A aprovação no concurso da então Fundação Educacional do Distrito Federal veio em 1986. "Era dia 20 de abril, um domingo. Saiu no Correio Braziliense a lista com os convocados", recorda-se. Durante anos, ele acumulou as funções, na Saúde e na Educação, em plantões sucessivos. A partir de 1999, passou a se dedicar apenas à sala de aula.
Um salto filosófico
Com o tempo, o repertório do professor evoluiu e ele, hoje, consegue reconhecer os pais no personagem principal da obra do filósofo francês Jacques Rancière, O mestre ignorante — Cinco lições para a emancipação intelectual. O protagonista é um docente que convida os estudantes à reflexão sem sequer falar o mesmo idioma que eles, um método filosófico que vai além da pedagogia da explicação.
"Eu tenho certeza: hoje, todo mundo explica tudo e não explica nada. Porque o ensino não está voltado para a curiosidade", atesta o professor, numa crítica contundente aos dispositivos móveis. "Eu fico abismado quando alguém quer substituir a figura do professor por uma suposta inteligência artificial", reclama, no único momento em que o semblante calmo e a voz pacífica parecem mudar e dar lugar à indignação.

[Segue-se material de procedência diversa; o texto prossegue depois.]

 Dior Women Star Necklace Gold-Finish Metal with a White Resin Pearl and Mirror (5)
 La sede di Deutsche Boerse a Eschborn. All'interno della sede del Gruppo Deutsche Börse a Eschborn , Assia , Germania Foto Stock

"Você tem uma massa de informação tecnológica, mas você não tem uma massa de sabedoria. Quando eu falo que o professor é importante, é porque ele constitui diálogo. Isso aqui vai te dar o vazio (aponta para o celular). Conexão não é interação. Interação é muito mais importante."
Gerações impactadas
Gadelha testemunhou as várias mudanças do CEM 9, única escola em que trabalhou. Quando chegou, em 1986, a instituição havia acabado de ser transformada em Centro Educacional (CED) e recebia também alunos do ensino fundamental. Só em 1995 passou a ser Centro de Ensino Médio. Teve aluno cuja família inteira passou pela sala de aula do professor.
Em 2007, assumiu a direção da escola, cargo que ocupou quase ininterruptamente até o início deste ano. Pouco tempo depois, a escola começou a aprovar grupos maiores de alunos na Universidade de Brasília e em outras instituições públicas pelo país. Com o reforço escolar aos sábados, no âmbito de projetos de preparação para o Programa de Avaliação Seriada da UnB (PAS/UnB) e o Exame Nacional do Ensino Médio (Enem), alcançaram resultados notáveis e consistentes ao longo dos anos. O recorde de aprovações foi de 123 estudantes.

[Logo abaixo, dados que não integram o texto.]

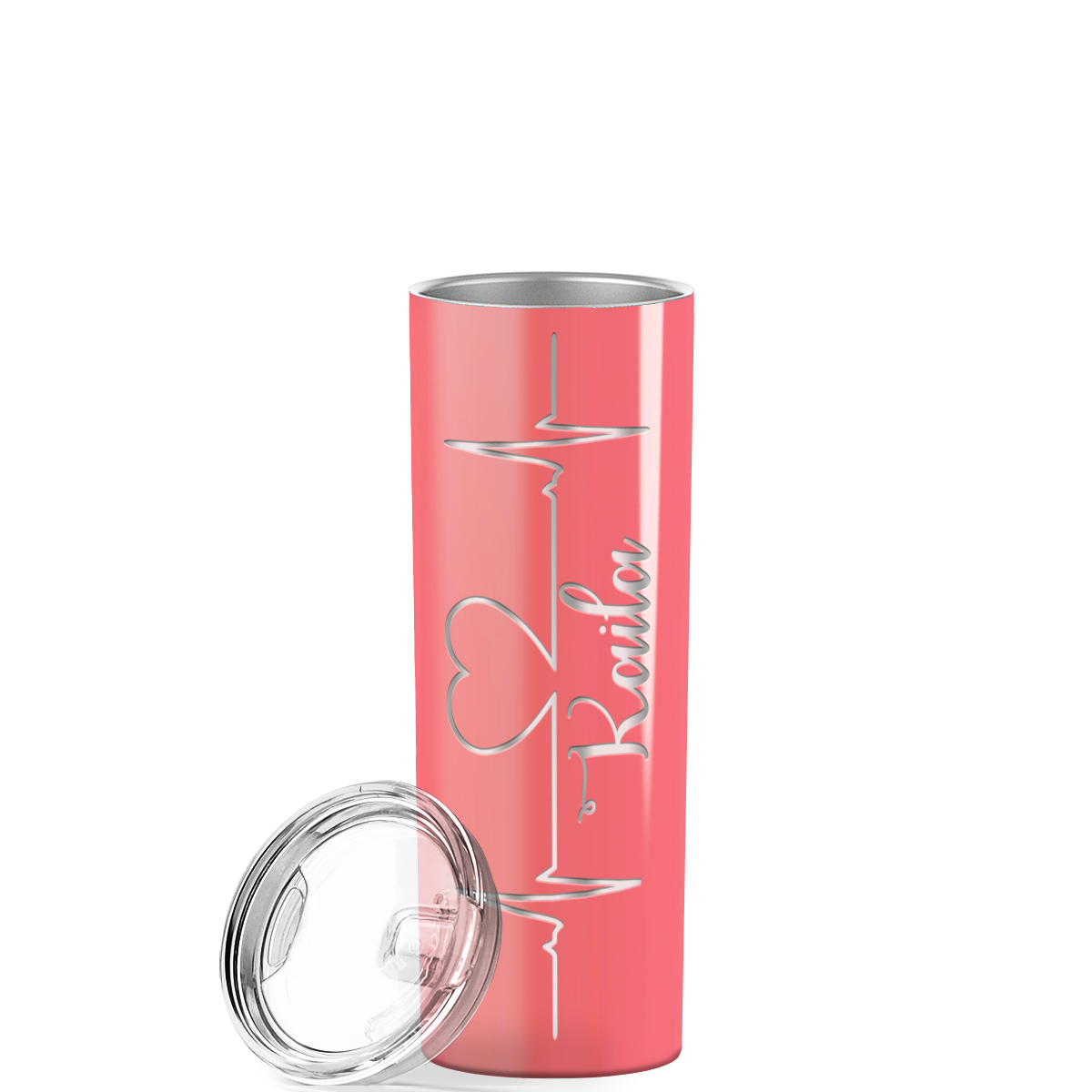 Personalized Nurse Laser Engraved 20oz Skinny Tumbler - Guava Gloss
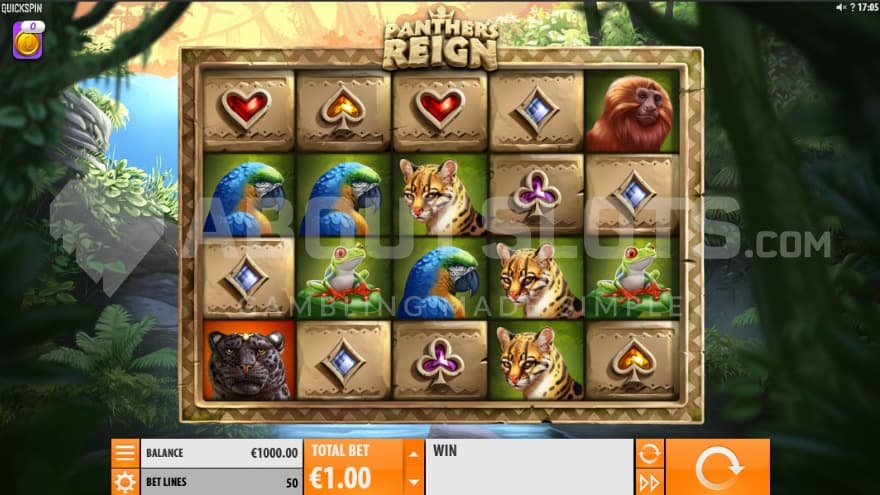 Animal Symbols crowding the reels and a beautiful jungle and waterfall is in the background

Alunos do CEM 9 já participaram também da final de uma conferência de matemática, meio ambiente e ciências na Índia, em 2012, e de olimpíadas de filosofia e de matemática pelo país. "Formamos um conjunto de profissionais, de pessoas, que acreditamos terem contribuído para a sociedade brasiliense e, por que não dizer, do Brasil, não sabe?", orgulha-se Gadelha, com o sotaque cearense. "Para mim, isso é o que fica."
Em nome da educação
Um dos desafios que Gadelha encara até hoje, junto a uma associação de diretores de escolas públicas, é a luta por uma educação pública de qualidade. Na avaliação dele, o Brasil sustenta ainda um modelo de escola improvisado, e Brasília, como capital, privilegiada, inclusive, em termos de recurso financeiro, precisa dar um exemplo melhor.

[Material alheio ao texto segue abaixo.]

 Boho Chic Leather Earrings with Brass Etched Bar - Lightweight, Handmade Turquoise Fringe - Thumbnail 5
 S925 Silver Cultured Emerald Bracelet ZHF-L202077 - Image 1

Gadelha defende que o investimento na educação seja centralizado — recursos financeiro, humano e pedagógico. "Hoje, percebo que há muita gente fazendo muita coisa, até louvável. O que não é louvável é muita gente dando pitaco na educação pública. Muita coisa se perde no meio desse caleidoscópio de boas intenções. Não bastam boas intenções, não basta falar. Precisa ser concreto", critica o professor.
"Fazer, todo mundo diz que faz, mas encarar o dia a dia na escola pública é de uma complexidade enorme, porque a sociedade brasileira é muito desigual, e é dentro da escola onde todos os problemas sociais se concluem: a violência, a desagregação, o descaso com o jovem, com a criança", diz ele, que é ainda um grande defensor da educação em tempo integral, com atividades esportivas, culturais e pedagógicas pensadas para os estudantes.
"Com leitura, com compreensão, com uma boa escola, com um professor, você atinge tudo. Nesse exato momento, está nascendo uma criança na Estrutural. Nesse exato momento, na área mais nobre de Brasília, está nascendo uma criança. Todo o nosso aparelho cognitivo, nossa percepção, nossa relação com o mundo é igual. O problema é a constituição do capital cultural", conclui ele, que, ao lado da mulher, Divina Maria, cuida com zelo do capital cultural dos filhos Camilo, 34 anos, e Kauan, 21. O caçula é aluno do curso de química do Instituto Federal de Brasília (IFB).